Zac Williamson, CEO of the Aztec Network Ethereum privacy layer, discussed what the future for Web3 privacy could look like in the wake of widely criticized U.S. government sanctions against crypto mixer Tornado Cash.
Williamson believes that “future networks could be consistent with the goals of regulators while protecting user privacy, but will not conform to existing regulatory structures.” Regulators went about it the wrong way in banning Tornado Cash, he says.
New financial renaissance
“A forward-thinking government would consider directly issuing base money onto networks like Ethereum,” Williamson outlined in a long Twitter thread.
“When coupled with hyper-fungible real-world assets, private self-custody, and low barriers to entry from open networks, we would see the dawn of a new financial renaissance,” he added.
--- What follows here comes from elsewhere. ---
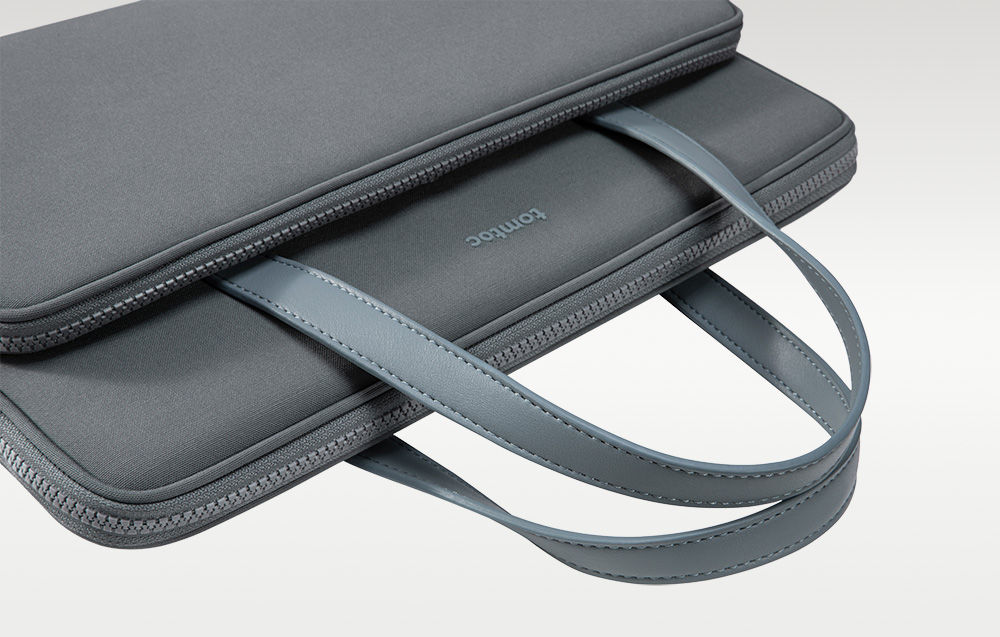 Nešiojamas kompiuteris bag tomtoc 13.5-14" Versatile-A11 (pilka) aprašymas - Prekės nuotrauka Nešiojamas kompiuteris bag tomtoc 13.5-14" Versatile-A11 (pilka) aprašymas - Prekės nuotrauka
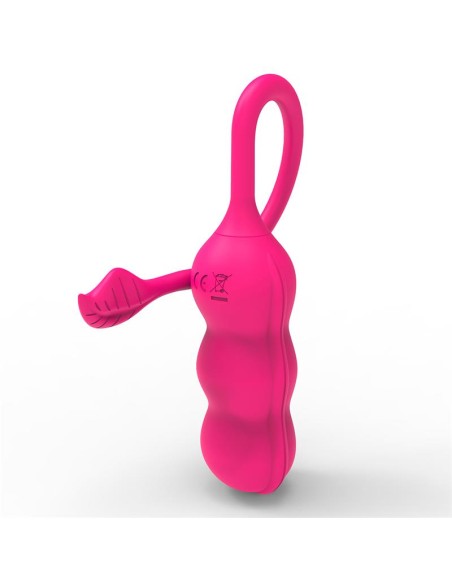 Beany Huevo Vibrador y Entrenador Suelo Pelvico con Empuje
He argued that under the current sanctions regime, hackers from North Korea or elsewhere will still use Tornado Cash or a clone.
“Questionable entities will provide off-ramps to bad actors that have done the minimum required for plausible deniability,” said the CEO.
Zac Williamson is a cryptographer. He claims that “many projects in this space build on my research and draw from the open source cryptographic algorithms I have written.”
In 2017, he co-founded Aztec Network, a layer two privacy protocol on Ethereum. The platform allows users access to a range of services in DeFi, it says, “away from prying eyes while retaining auditability and compliance.”
Williamson: ‘There is a place for regulation in Web3’
Williamson said in the near future, privacy networks could split into four: private by default; fully decentralized; user-side compliance – users can selectively prove parts of their identity (not on a sanctions list); and open and programmable.
“Programmable privacy will create exponential growth opportunities for crypto,” he explained. “Once users can link encrypted identities to cryptocurrency accounts, off-chain assets can be issued and traded on-chain without custodial middlemen.”
He sees a future in which user privacy needs and the “openness” of decentralized protocols will further lead to two distinct spheres:
‘Compliant networks’ – applications and crypto assets “that conform to the spirit of existing regulations, but need regulatory changes to conform to the letter.”
And then ‘dark networks’ — apps and digital currencies “that have no compliance built in at the protocol level.”
“Continuing down the path set by the Tornado Cash ban will prevent compliant networks from being built at all as [a] legitimate use of these networks is extinguished by fear and uncertainty,” he warned, adding:
“There is a place for regulation in Web3. It is not at the network level. It is at the application level; companies and entities that tap into Web3 to provide services to users and businesses. e.g. cryptocurrency on/off ramps and hosted wallets.”
Tornado Cash sanctions act of ‘self-harm’
Put simply, Web3 is the idea of an Internet that is decentralized and powered by technologies of blockchain tech and token-based economics. Non-fungible crypto tokens (NFT) are expected to play a key role in Web3 as a medium of exchange.
The U.S. Treasury Department sanctioned Tornado Cash on Aug. 8, alleging the privacy tool laundered $7 billion worth of crypto assets since 2019. The measures mean that all U.S. citizens and entities are banned from using the mixer.
The sanctions ignored a commitment by the mixer in April to block addresses blacklisted by the U.S. Office of Foreign Assets Control.
“The Tornado Cash ban will be seen as an act of self-harm that limited the US from reaping the wealth and job creation produced by this revolutionary industry,” Williamson said.
While decentralized crypto networks have reduced the power of the state to enforce their rules, he said “the state can claw most of this power back working with the good-faith actors in Web3 to create a new regulatory framework that acknowledges the status quo has changed.”